WHAT IS REQUIRED: Look below for the line with "South Beach's Vibrant Cycling Scene" and the line with "2020 Audi SQ5 photo 1"; repeat exactly those two lines and all lines between them, but no pictures.

SOURCE MATERIAL:

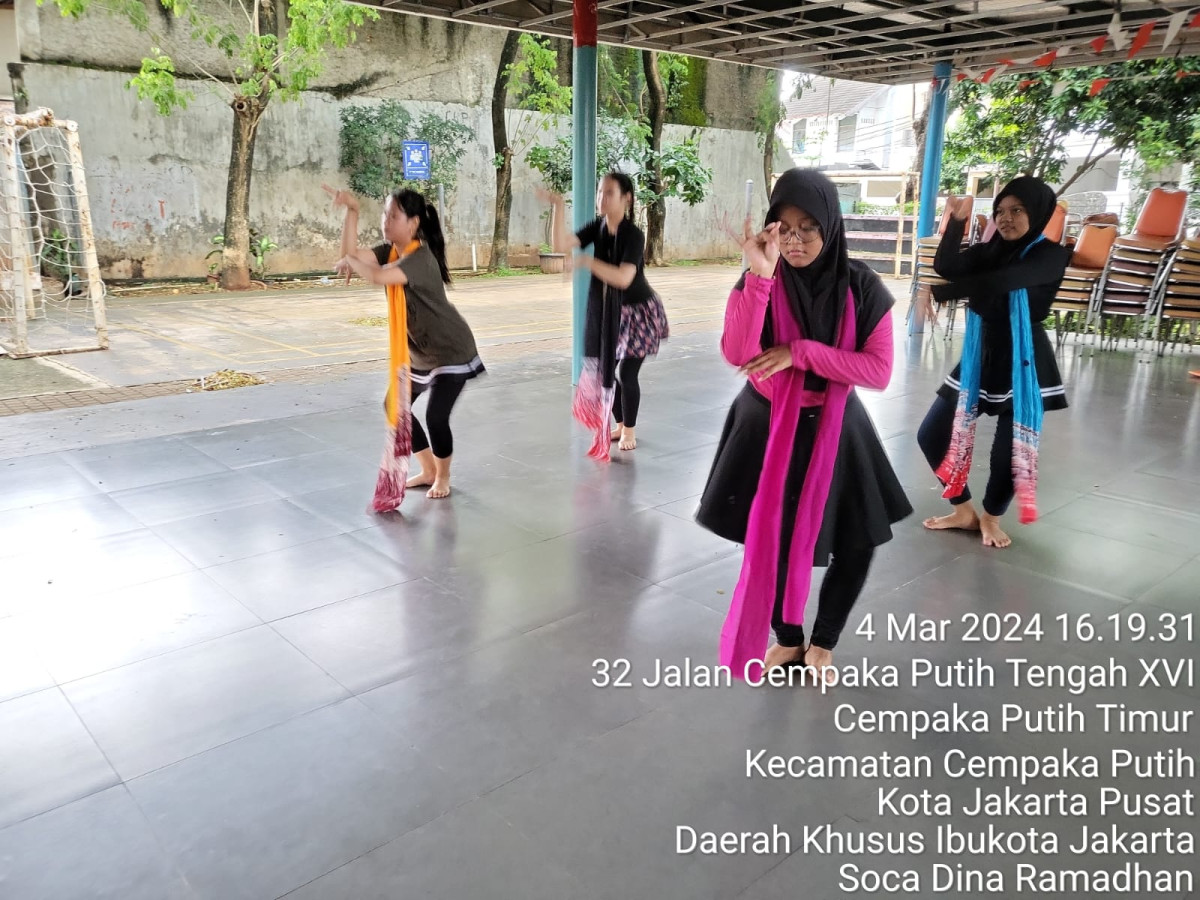 Kegiatan Latihan Menari Dari Sanggar Ayekasi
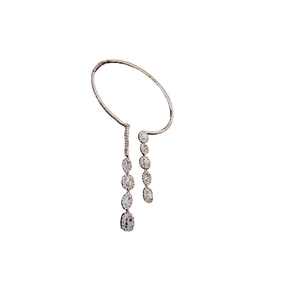 Luxuriöses Roségold-Halsband mit funkelnden Zirkonia-Tropfenanhängern für Damen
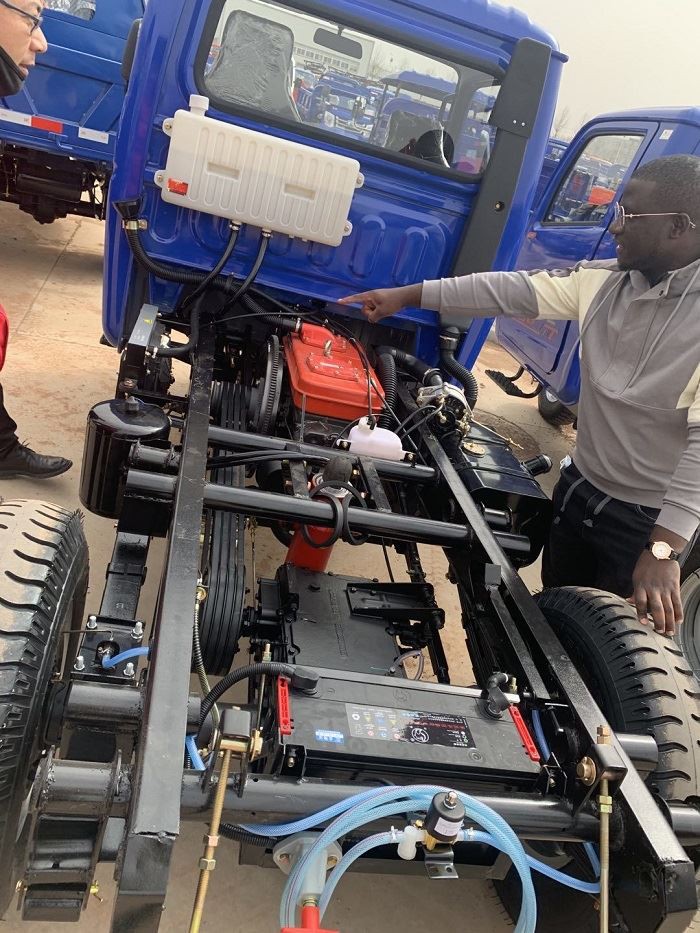 E427CB42-87C2-40CB-931F-C2CF8C6E724A_big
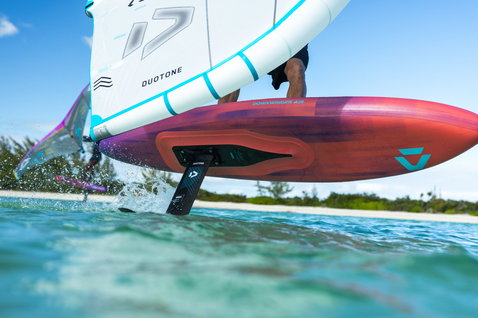 Duotone_Wing_Foiling_Downwinder-Air_Action-Shots_1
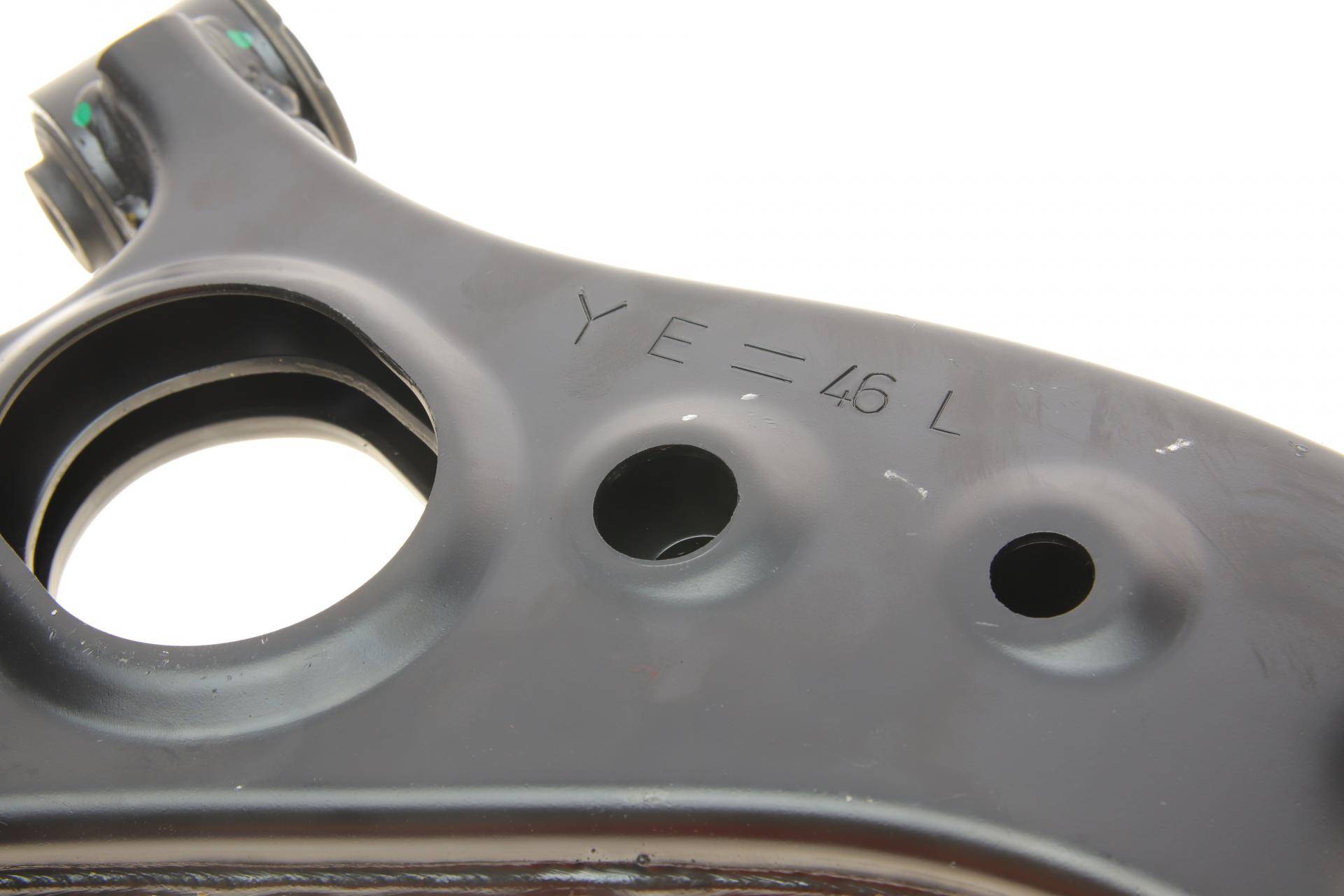 Важіль підвіски (передній/знизу) (L) Hyundai Santa Fe 12-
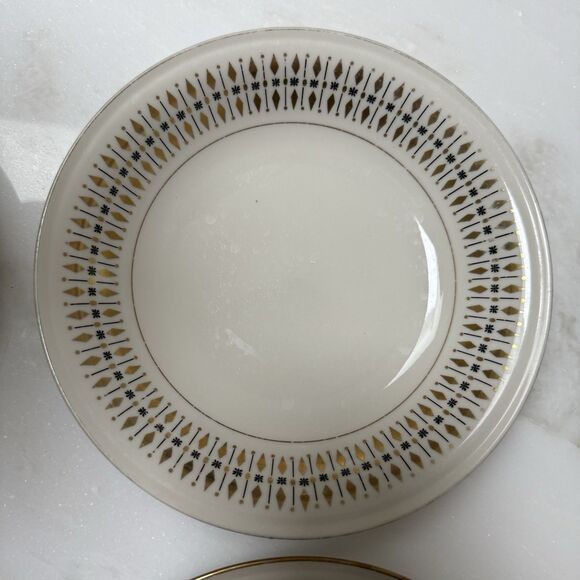 VTG Mikasa Ivory China “HARMONY” #208 Gold MCM 50 Pieces Cream Sugar Platter - Picture 11 of 16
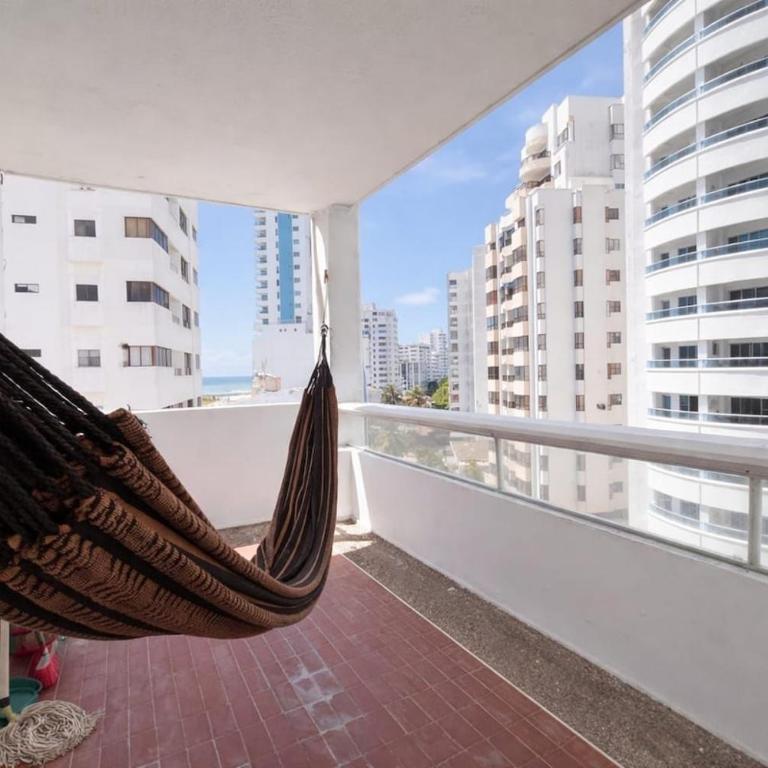 Balcony City Sunset View Sleeps 9 Beach & Pool - Three-Bedroom Apartment - 4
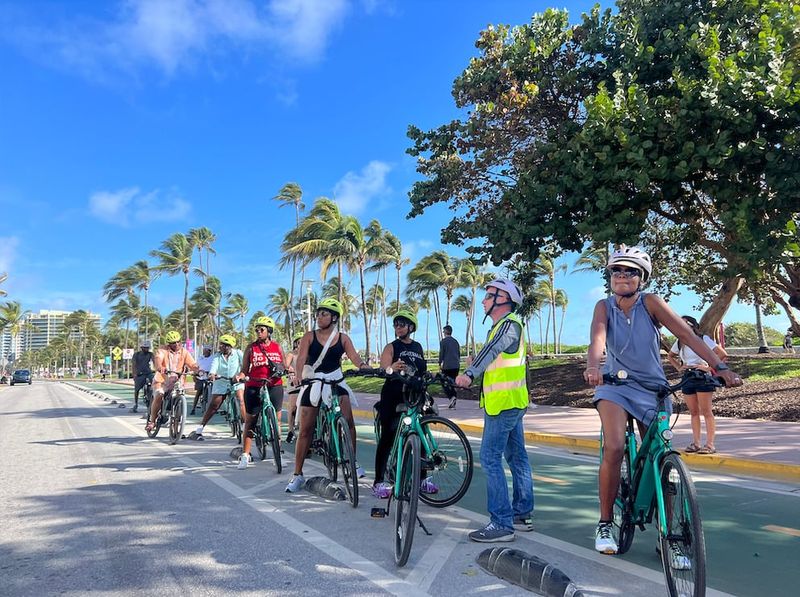 South Beach's Vibrant Cycling Scene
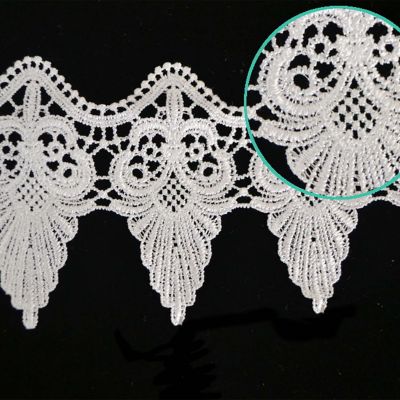 4"x 15 Yards White Venice Lace Trim Image 2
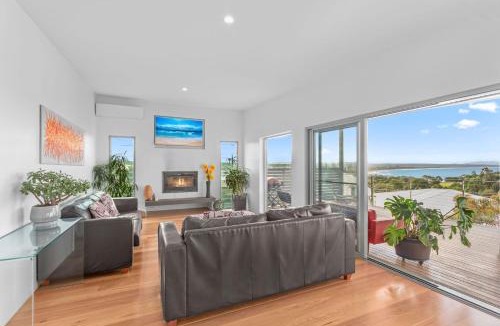 Red Head House | My Seascape - Extensive north facing beach and ocean views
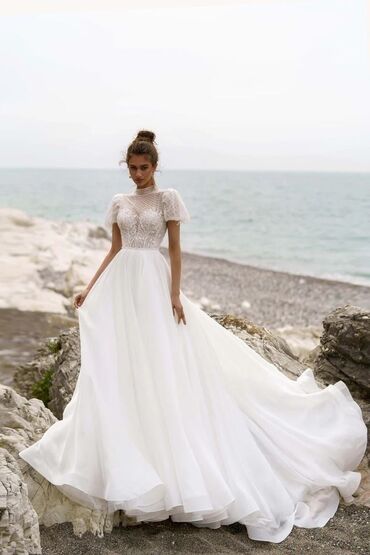 Свадебные платья: Свадебное платье, La Sposa, S (EU 36), Дизайнерское, С корсетом, Со шлейфом, Органза, А-силуэт, Россия, Кружево, Стразы, Новый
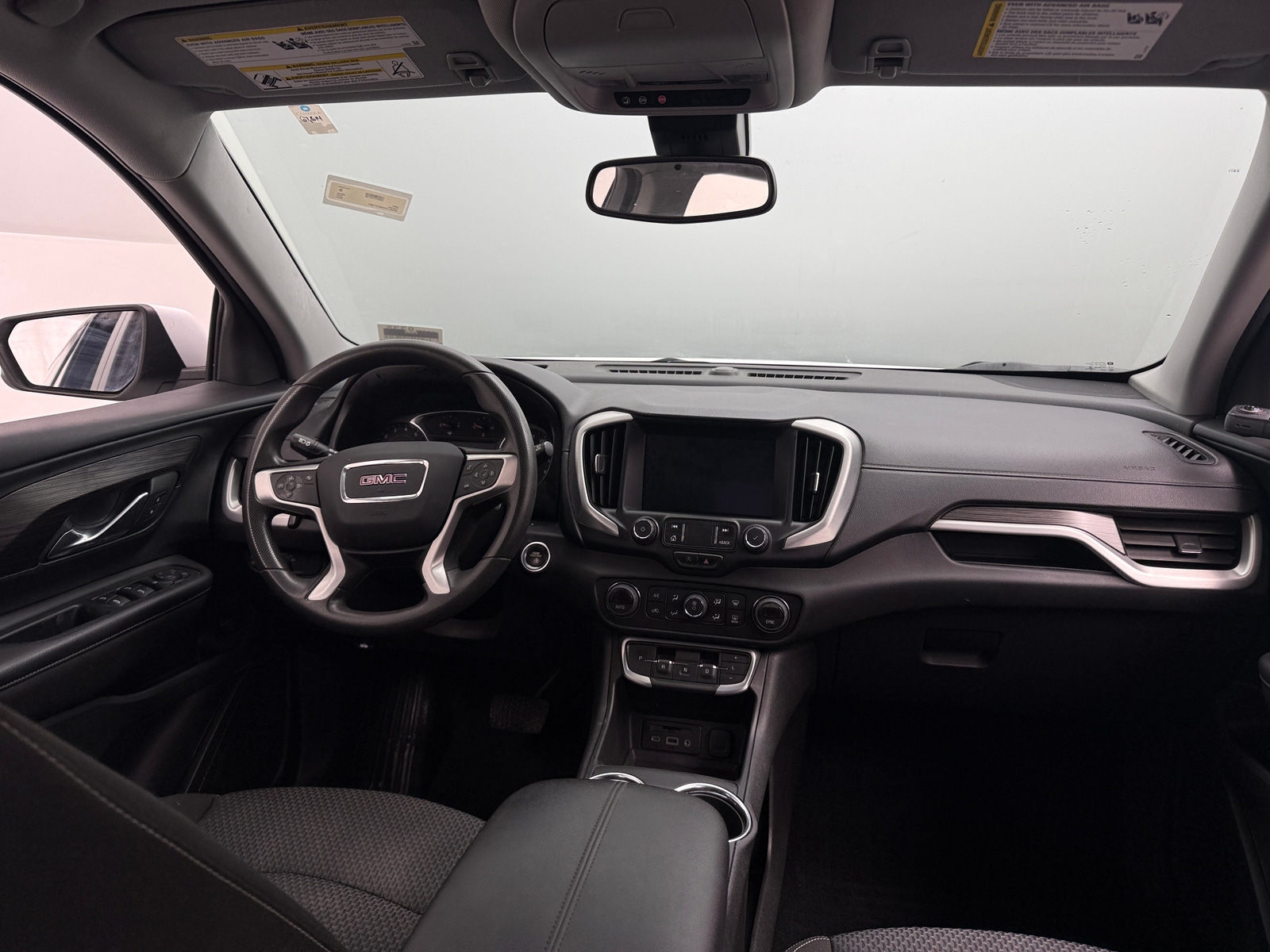 Thumbnail: 2022 GMC Terrain - 3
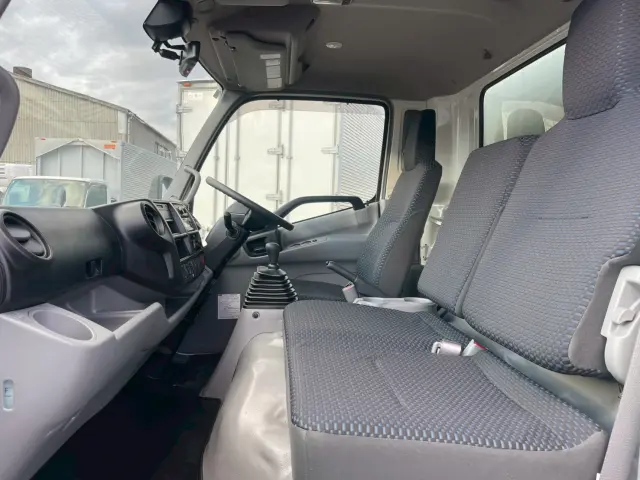日野 デュトロ 2KG-XZU712M(2WD)の写真26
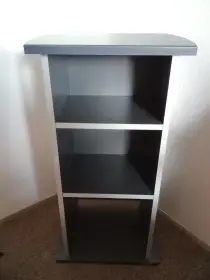 Stolek pod akvárium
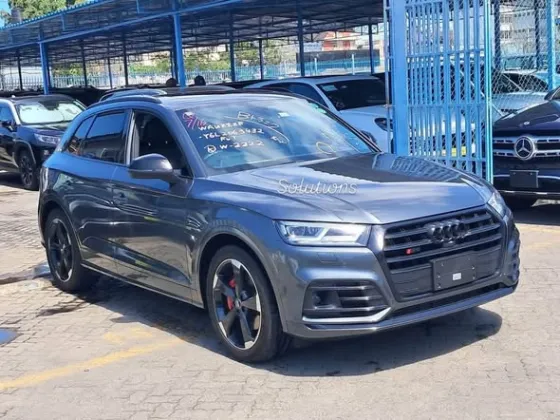 2020 Audi SQ5 photo 1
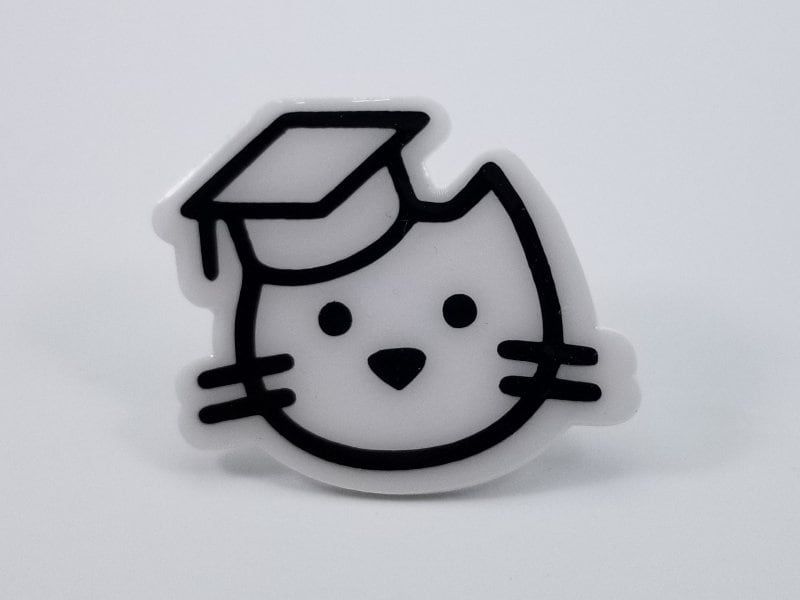 Kitten Academy Pin Für Revers, Tasche, Rucksack - Erlös Kommt Zugute Kitten Academy Pin Für Revers, Tasche, Rucksack - Erlös Kommt Zugute von FiftyIdeas
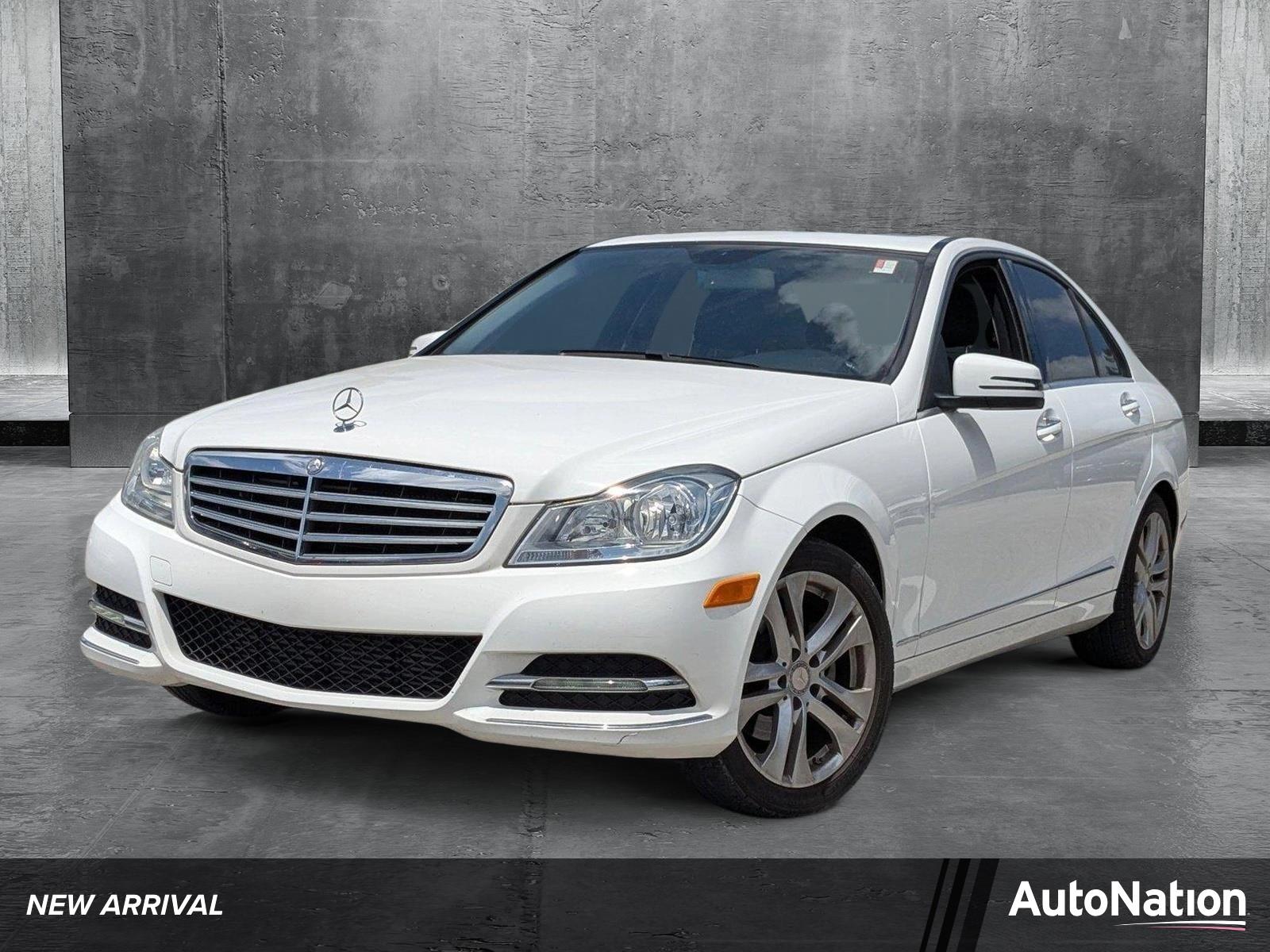 2014 Mercedes-Benz C-Class Vehicle Photo in Miami, FL 33169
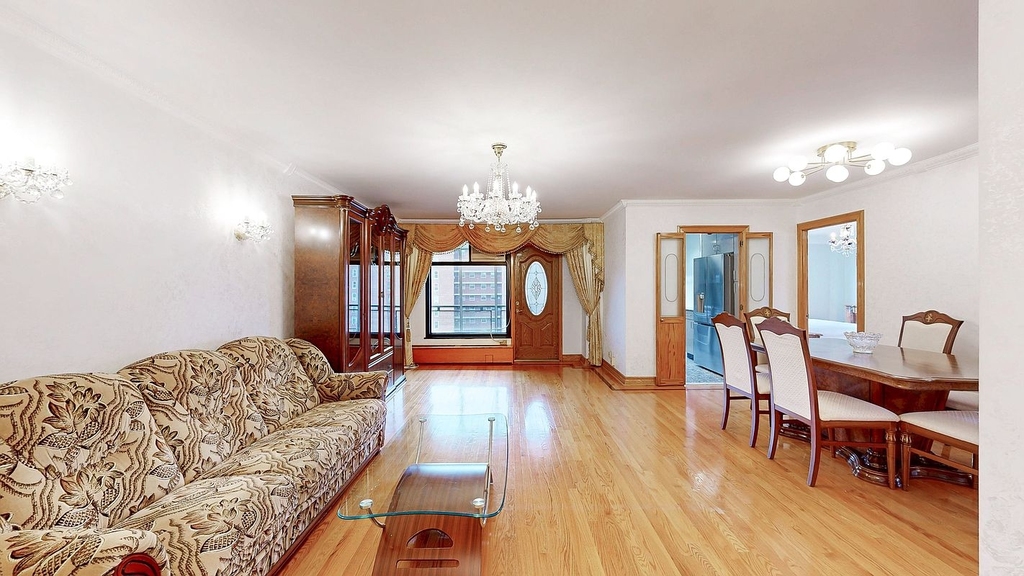 98th Street - Photo 2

RESPONSE:
 South Beach's Vibrant Cycling Scene
 4"x 15 Yards White Venice Lace Trim Image 2
 Red Head House | My Seascape - Extensive north facing beach and ocean views
 Свадебные платья: Свадебное платье, La Sposa, S (EU 36), Дизайнерское, С корсетом, Со шлейфом, Органза, А-силуэт, Россия, Кружево, Стразы, Новый
 Thumbnail: 2022 GMC Terrain - 3
日野 デュトロ 2KG-XZU712M(2WD)の写真26
 Stolek pod akvárium
 2020 Audi SQ5 photo 1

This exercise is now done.